Filthy Food
Filth levels from U.S. Food and Drug Administration
- Chocolate; Chocolate Liquor
Up to 60 microscopic insect fragments per six 100-gram samples of up to 90 fragments in one sample; or an average of more than one rodent hair in a set of six samples or up to four hairs in any one sample.
- Coffee Beans
Ten percent insect-infested, or moldy.
- Fig Paste
Thirteen insect heads in two 100-gram samples.
- Fish (Fresh Frozen)
Five percent of fish or fillets with "definite odor of decomposition" over 25 percent of fish area; or 20 percent of the fish with "slight odor of decomposition" over 25 percent of fish area.
- Mushrooms (Canned)
Up to 20 maggots per 100 grams of drained mushrooms; up to 5 maggots 2 millimeters or longer or 75 mites.
- Peanut Butter
Average of 50 or more insect fragments per 100 grams. Average of one or more rodent hairs per 100 grams.
- Pepper
Average of 1 percent insect-infested or moldy by weight; or 1 percent excreta per pound.
- Popcorn
Either one rodent pellet per sample or one rodent hair per two samples; or two rodent hairs per pound or 20 gnawed grains per pound, and hairs in 50 percent of samples.
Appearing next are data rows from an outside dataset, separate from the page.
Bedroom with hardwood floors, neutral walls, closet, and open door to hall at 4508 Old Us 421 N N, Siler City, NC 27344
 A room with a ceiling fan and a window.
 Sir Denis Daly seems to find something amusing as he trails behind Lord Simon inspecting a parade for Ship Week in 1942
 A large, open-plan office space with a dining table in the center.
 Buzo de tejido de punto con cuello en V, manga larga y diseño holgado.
Popcorn may contain up to 5 percent field corn by weight.
- Spinach (Canned or Frozen)
In 100 gram samples, either 50 aphids, thrips, or mites, or 8 leaf miners; or in 24 pounds, 2 spinach worms, or worm fragments, whose total length is 12 millimeters.
- Strawberries (Frozen, Whole, Sliced)
Mold count of 55 percent in half of the samples.
- Tomato Paste (Pizza and Other Sauces)
In 100-gram samples, either 30 fly eggs or 15 eggs plus one larva; two larva per twelve samples; or mold count averaging 40 percent (30 percent for pizza sauce) in six samples.